Projection or Prescience?
Vladimir Putin weighed in on the ouster of S&P’s CEO:
Russian Prime Minister Vladimir Putin on Wednesday appeared to link the resignation of Standard & Poor’s chief executive to the agency’s downgrade of the U.S.’s sovereign rating earlier this month.“We all know what goes on in the financial world. Here you have the S&P ratings agency lowering the U.S. sovereign debt rating. And now they fired the agency’s head, and started an investigation regarding the agency itself,” Mr. Putin told a meeting of Russian academics, Interfax news agency reported.
“There is much that’s unclear about the situation, many things which are, let’s say, superficial,” Mr. Putin said.
To quote Joe Biden (always dangerous, I know), Putin’s suspicions are completely understandable. That would be the obvious inference regarding a similar situation in Russia.
The more interesting question is whether Putin is merely projecting/mirror-imaging, or is instead correct in his conclusions.
Developments in recent years, most notably from 2008 on, and especially post-January, 2009, increase the odds that Putin has in fact nailed it. There has always been an element of gangsterism in American government (as in any government), but those tendencies have become more overt and numerous in recent years. So, as a Bayesian, I would say that my estimate of the likelihood that Putin is right is far higher now, than it would have been several years ago.
There is an ironic sort of convergence in this story.
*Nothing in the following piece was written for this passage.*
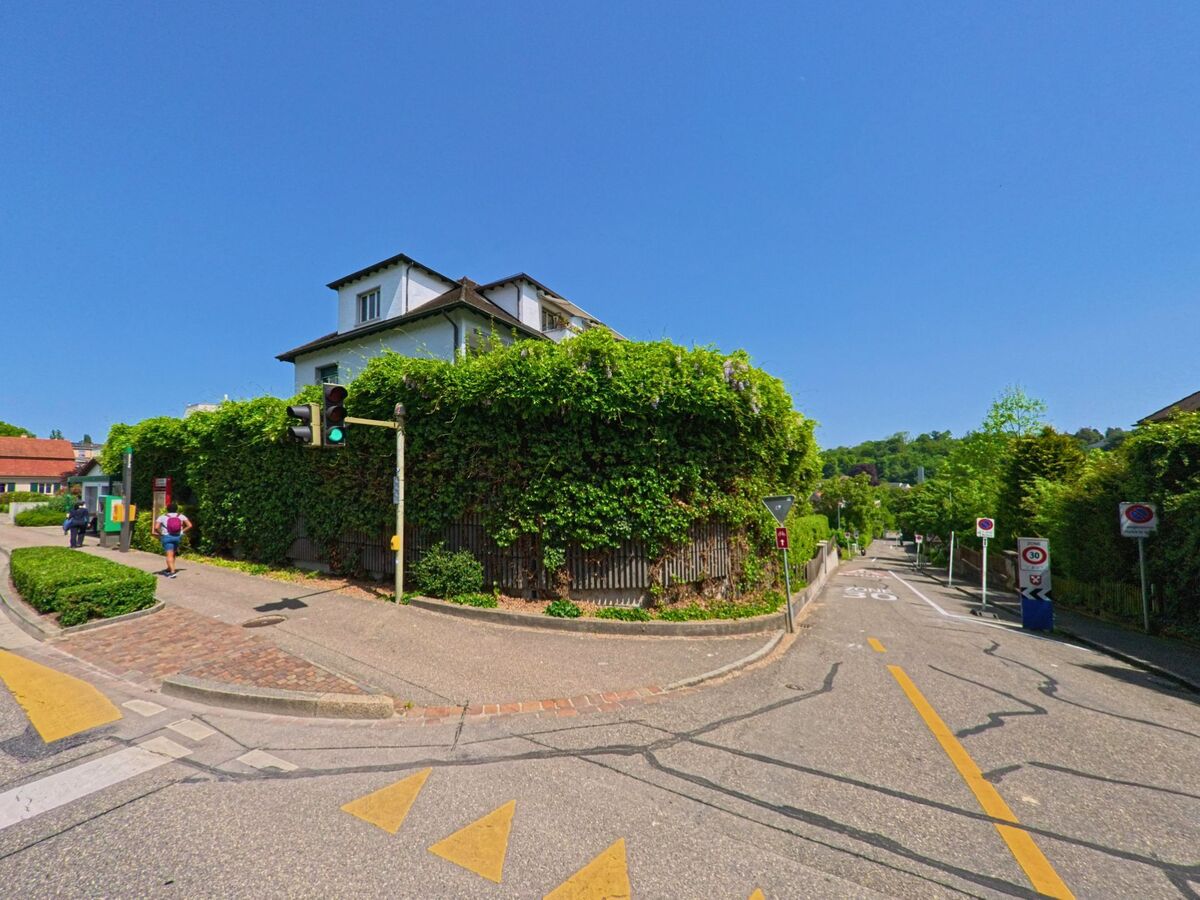 In Bottmingen (4103, Kanton Basel-Landschaft) beginnt hinter einer Ampel ein verkehrsberuhigter Strassenabschnitt mit dichter Begrünung und Fussgängerzone.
One of the reasons my interest in Russia was rekindled several years ago after decades of slumber is that it struck me as a classical liberal (libertarian, if you must) dystopian novel come to life. It illustrated all of the dysfunctions that arise in the absence of a rule of law and particularly property rights, the atomization of civil society, the dominance of a government operating with few real institutional checks, and the intersection between private economic interests and said unchecked government.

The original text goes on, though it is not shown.